● THE PROBLEM: Only the lines from the one bearing "Systems of Equations" through the end of the entries should be output, exactly as they stand, and pictures should be skipped.

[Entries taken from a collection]
*** Block opens ***

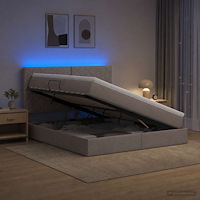 vidaXL LED förvaringssäng med madrass Taupe 160 x 200 cm Tyg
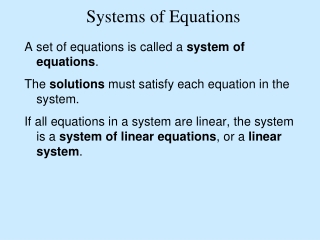 Systems of Equations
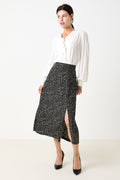 Kiyo Black Geo 11 Printed Midi Skirt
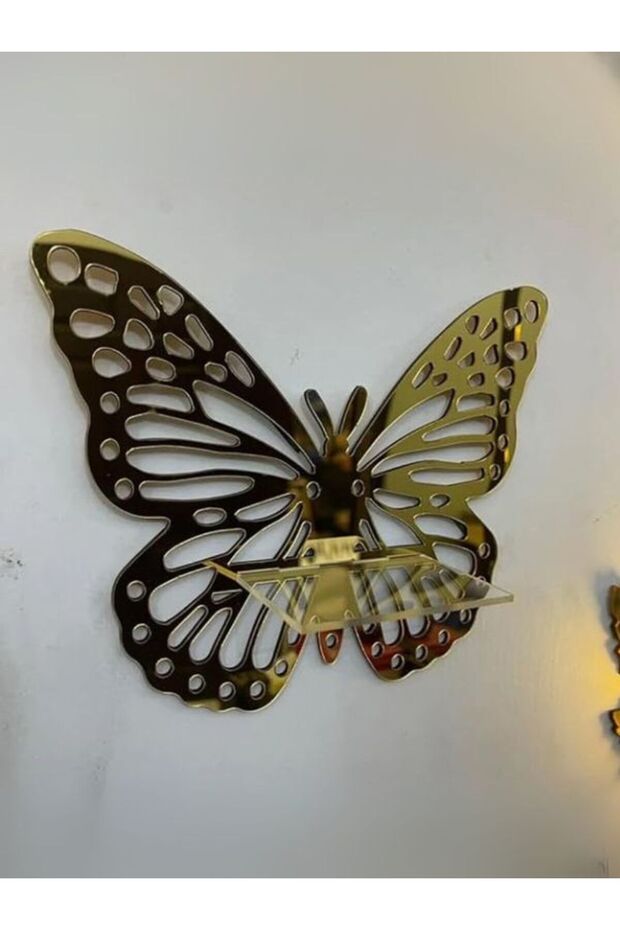 Set Of 4 | Decorative Butterfly Wall Shelf with Candlestick | Decoration Wall Shelf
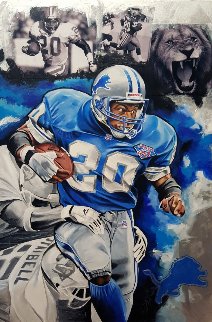 Barry Sanders, Lion's on the Loose 2016 25x35 Original Painting - Joshua Jacobs Barry Sanders, Lion's on the Loose 2016 25x35 Original Painting - Joshua Jacobs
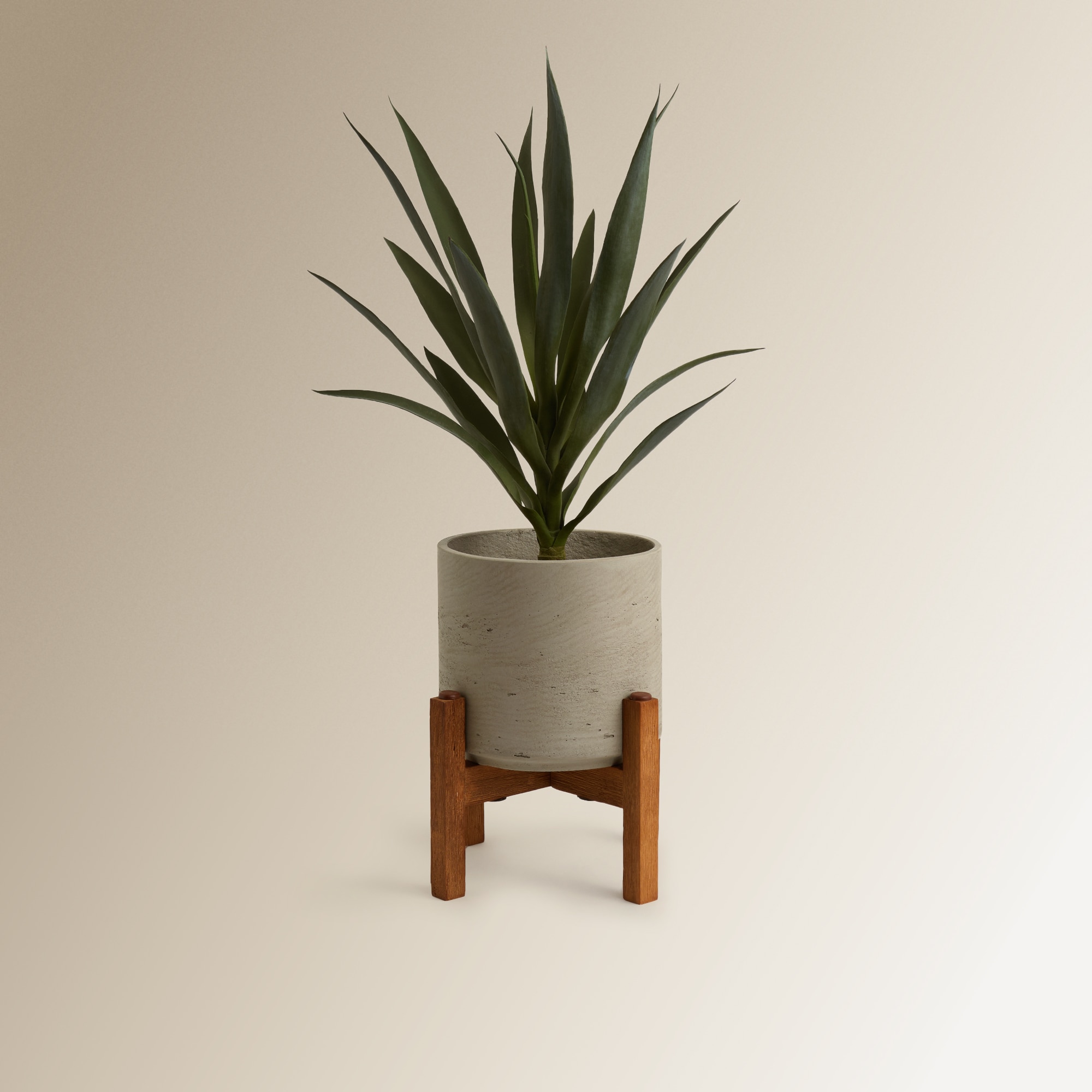 Vaso com Suporte de Madeira Combarro Room Cinzento-6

*** Block closes ***

● RESPONSE:
 Systems of Equations
 Kiyo Black Geo 11 Printed Midi Skirt
 Set Of 4 | Decorative Butterfly Wall Shelf with Candlestick | Decoration Wall Shelf
 Barry Sanders, Lion's on the Loose 2016 25x35 Original Painting - Joshua Jacobs Barry Sanders, Lion's on the Loose 2016 25x35 Original Painting - Joshua Jacobs
 Vaso com Suporte de Madeira Combarro Room Cinzento-6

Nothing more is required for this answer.